START Data listing

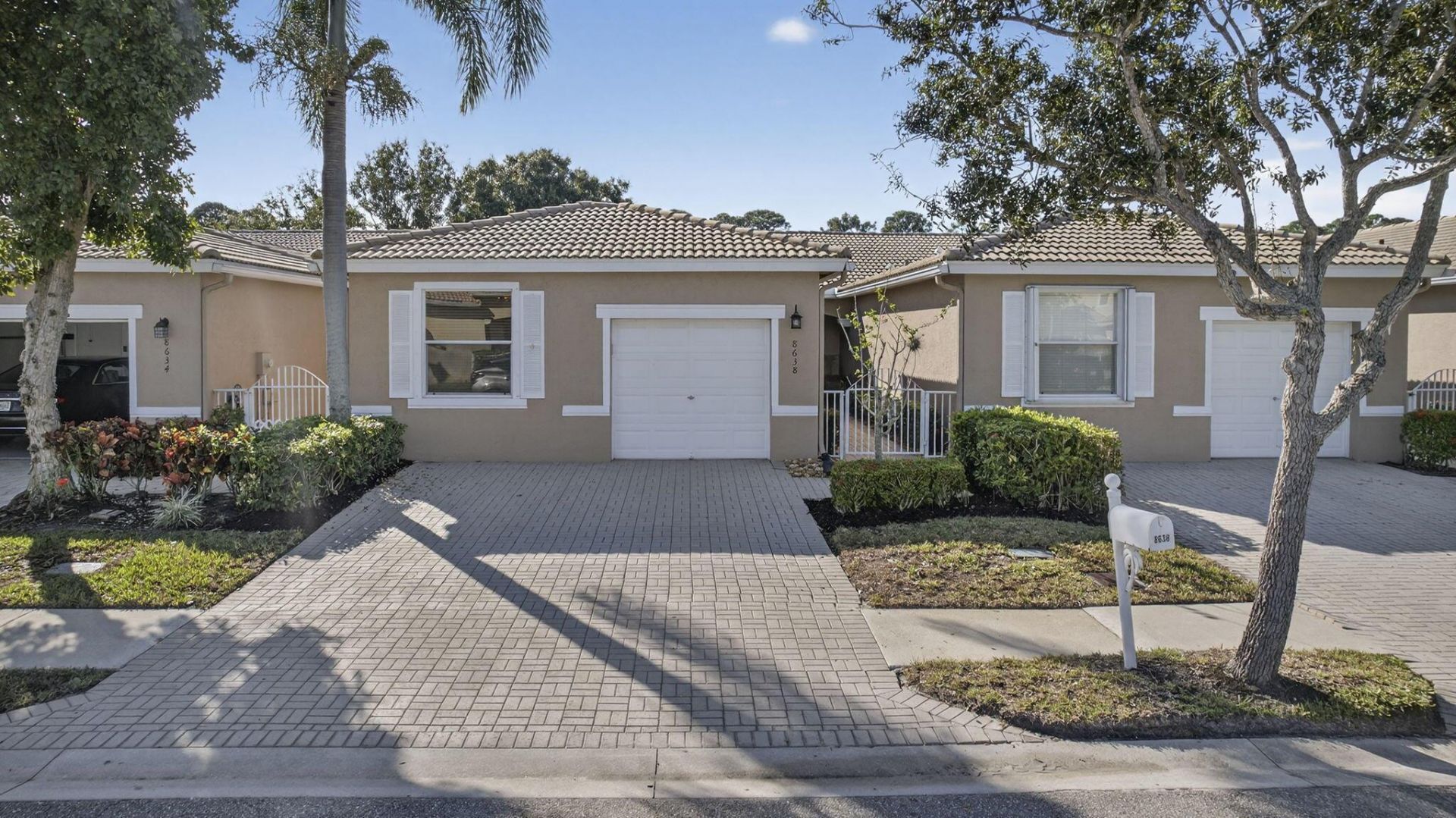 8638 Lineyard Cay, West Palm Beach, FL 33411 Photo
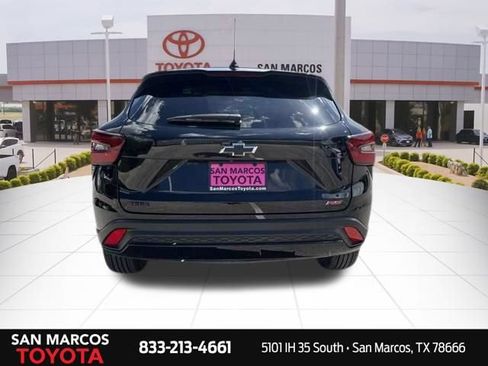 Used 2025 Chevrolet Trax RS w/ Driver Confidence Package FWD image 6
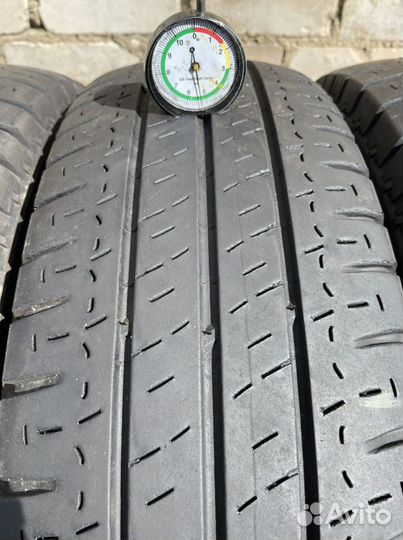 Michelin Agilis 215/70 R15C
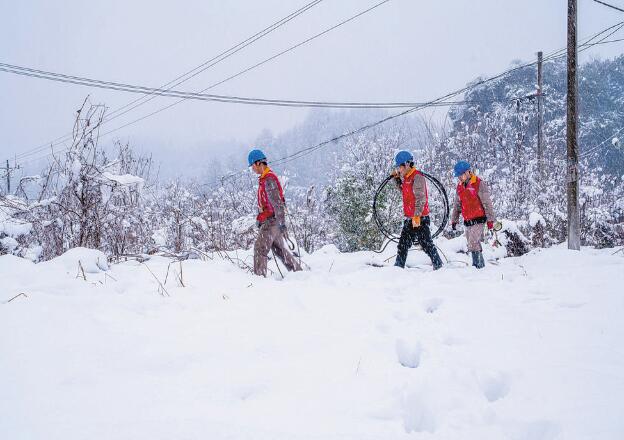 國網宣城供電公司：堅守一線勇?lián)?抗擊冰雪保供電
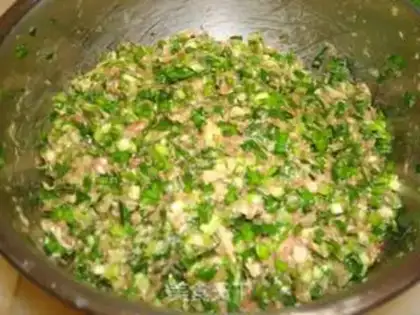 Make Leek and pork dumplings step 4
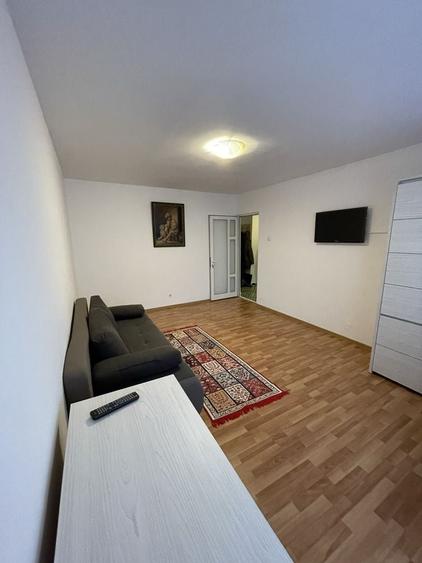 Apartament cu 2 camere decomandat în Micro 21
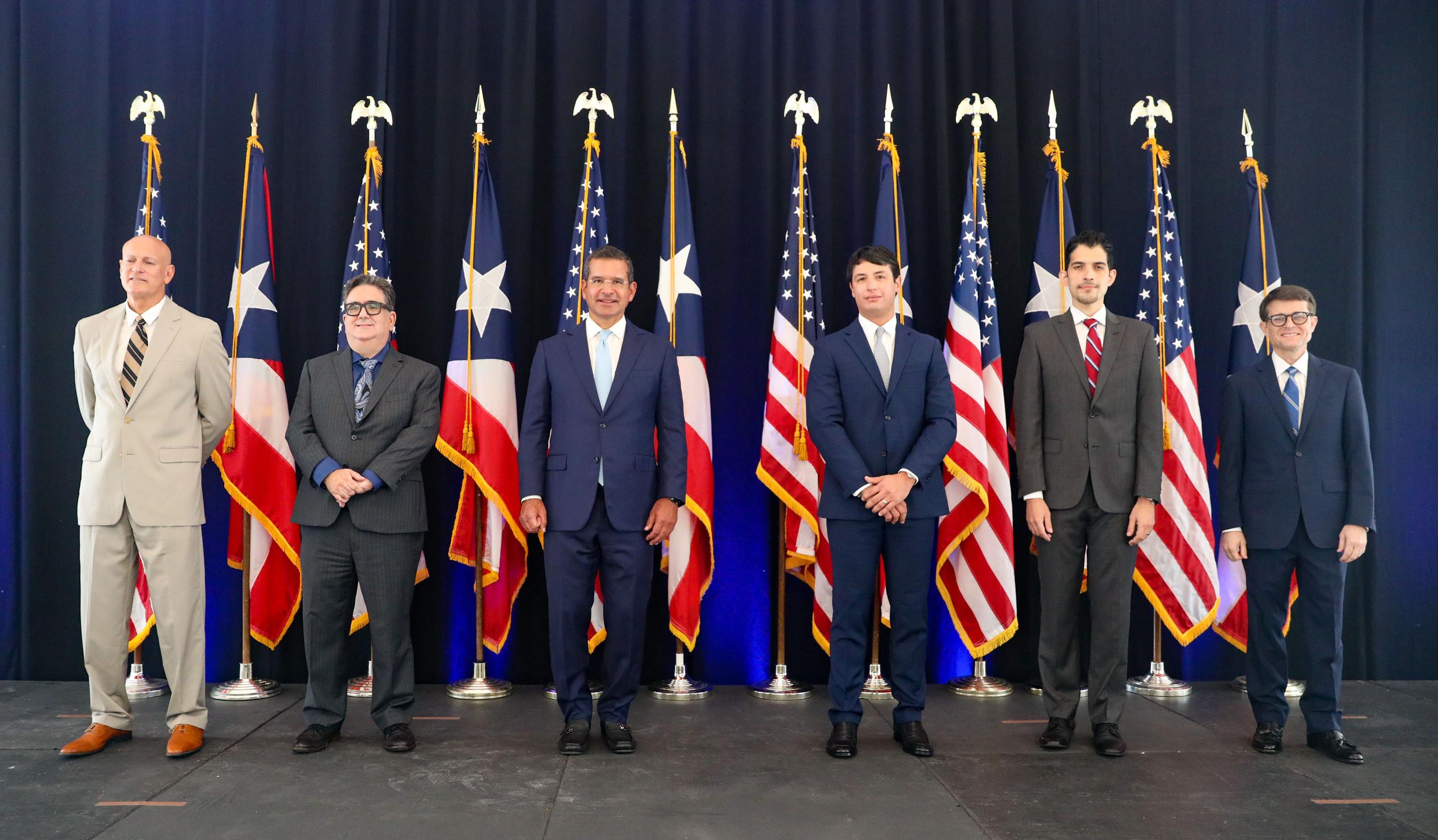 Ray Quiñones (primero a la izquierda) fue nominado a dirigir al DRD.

END Data listing

The records above must be repeated exactly, minus their pictures.

 8638 Lineyard Cay, West Palm Beach, FL 33411 Photo
 Used 2025 Chevrolet Trax RS w/ Driver Confidence Package FWD image 6
 Michelin Agilis 215/70 R15C
 國網宣城供電公司：堅守一線勇?lián)?抗擊冰雪保供電
 Make Leek and pork dumplings step 4
 Apartament cu 2 camere decomandat în Micro 21
 Ray Quiñones (primero a la izquierda) fue nominado a dirigir al DRD.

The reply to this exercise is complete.